Had Carolina thought differently (i.e. seen Surtain II as the class’ top corner), and left both Fields and Horn on the board, the Broncos’ board might have looked different when they went on the clock.
Frankly, part of me thinks I shouldn’t be surprised by Vic Fangio choosing the cornerback on his board over the top quarterback available. Think about what Vic has seen over the years. He saw Alex Smith win 13 games in San Francisco, then saw Colin Kaepernick quarterback the Niners to a Super Bowl appearance. Fangio then went to Chicago, where he saw a Mitchell Trubisky led team win 12 games. After living through that, I’m pretty sure Fangio believes he could win double-digit games with that defense and a tackling dummy wearing a quarterback’s number.
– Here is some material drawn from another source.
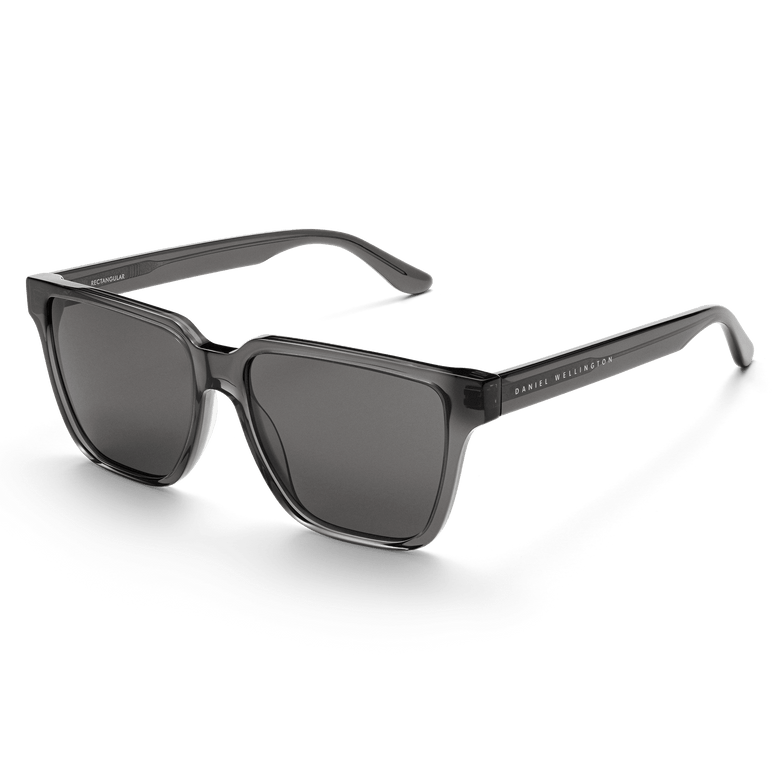 Rectangular Bio-Acetate Grey Grey sunglasses featuring a transparent grey oversized frame, matching grey UV400 lenses, and Daniel Wellington branding on the temple for a stylish and durable look.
Step 3: A Run at Cornerbacks Changes Cowboys Course
I’m not sure any team entered NFL Draft weekend as CB-thirsty as the Cowboys. But when the top two corners in this class went off the board with the two picks in front of them, it changed everything. Dallas certainly wasn’t entertaining drawing a QB — Not after giving Dak Prescott gigantic wads of cash earlier in the offseason.
This was destined to be the first possible option for a trade-up. And it was … just not for the Bears.
For the first time, nerves are really kicking in.
Step 4: Philly Helps Hurts
The Eagles sent Carson Wentz packing, but never fully found itself committing to Jalen Hurts. So seeing the Eagles slide up draft boards put butterflies in my stomach.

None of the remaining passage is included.